Rachael, in the blue-checked shirt, was collaborating with two students on the best arrangement of pots. They were debating/discussing the best combinations of color, and more importantly texture, in the combinations of plants. I'm sure the size and shape of the pots also contributed to the equation. Several of the gardens, most notably the House Entrance, have elaborate pot plantings. It is an excellent way to experiment with combinations of plants because the pots are easily rearranged without disturbing the plants.

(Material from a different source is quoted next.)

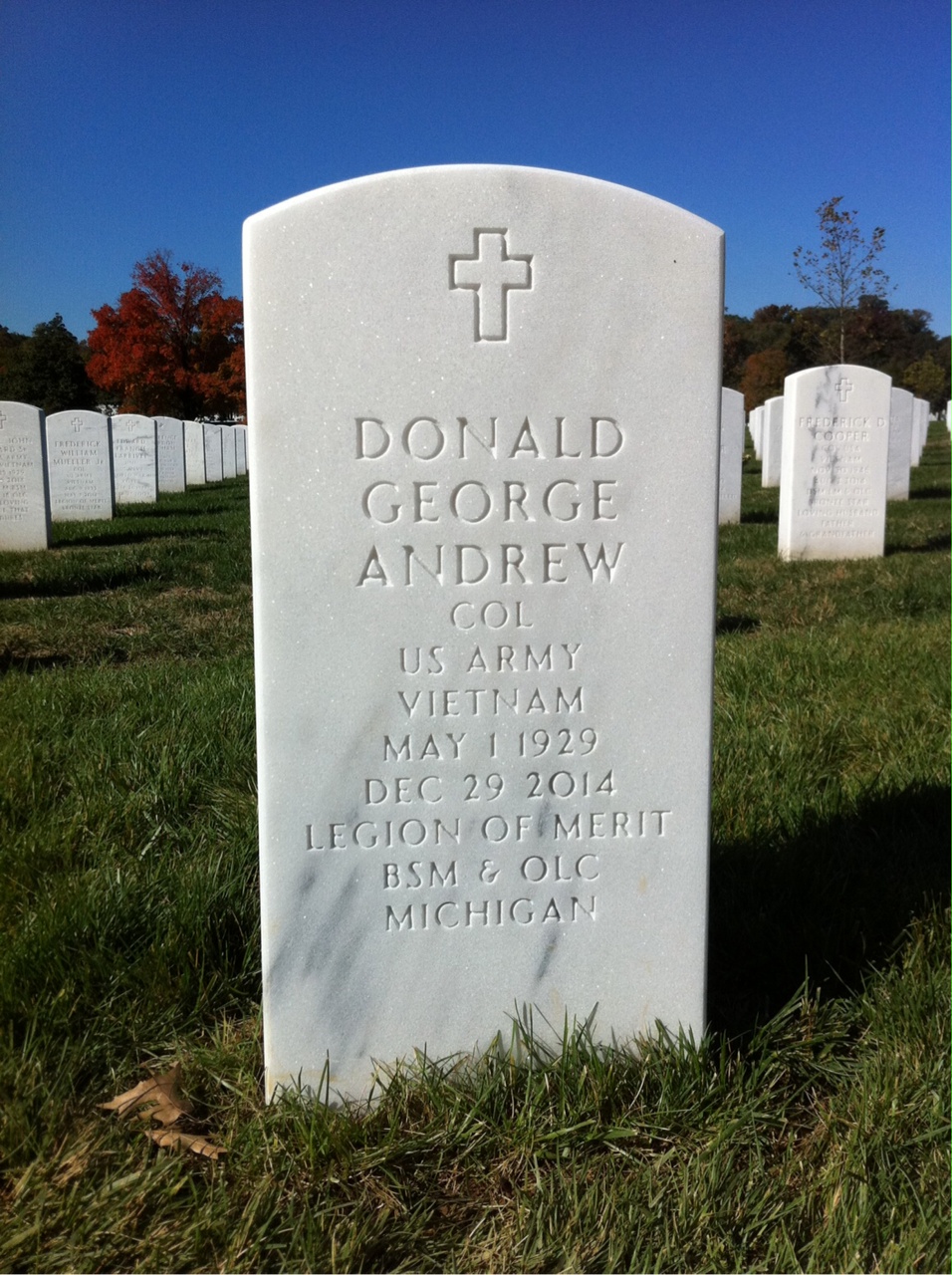 Donald Andrew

In the Blue Garden, another group of students was planting out annuals and shrubs into the garden itself. A series of planks was used to protect the lawn and to prevent the soil in the garden from becoming compacted. Lessons learned in pot arranging translate well into planting a mixed border.

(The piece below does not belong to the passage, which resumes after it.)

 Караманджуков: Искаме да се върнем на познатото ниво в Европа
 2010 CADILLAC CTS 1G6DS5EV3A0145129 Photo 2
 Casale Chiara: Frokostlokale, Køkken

Yet another gardener was working in Orchard Garden while were we at Great Dixter.
The Long Border is the best example of succession planting at Great Dixter. It is a long and very deep mixed border containing trees, shrubs, perennials, biennials, bulbs and tender annuals. The bones that Edwin Lutyens created around 1910-1913 are the perfect backdrop for the vibrant and ever-changing planting scheme for which Great Dixter is known. Below is the arrangement of pots at the Front Entrance to the house that were on display when we visited last month.
For me, the best part about Great Dixter is the energy of learning and experimentation that has been palpable during every visit I have made to Great Dixter. Fergus Garrett has carried on and enhanced Christopher Lloyd's legacy for education. The Great Dixter website says it best:
"Christopher Lloyd established the garden at Great Dixter as a place where young and old gardeners would meet and share their excitement for plants. His writing in both books and the press stimulated gardeners all around the world. Students come to Dixter to learn practical skills and develop a deeper understanding of the craft of traditional flower gardening. Fergus Garrett, Christopher’s friend and head gardener, continues his legacy, both in the borders at Great Dixter and through his work with students."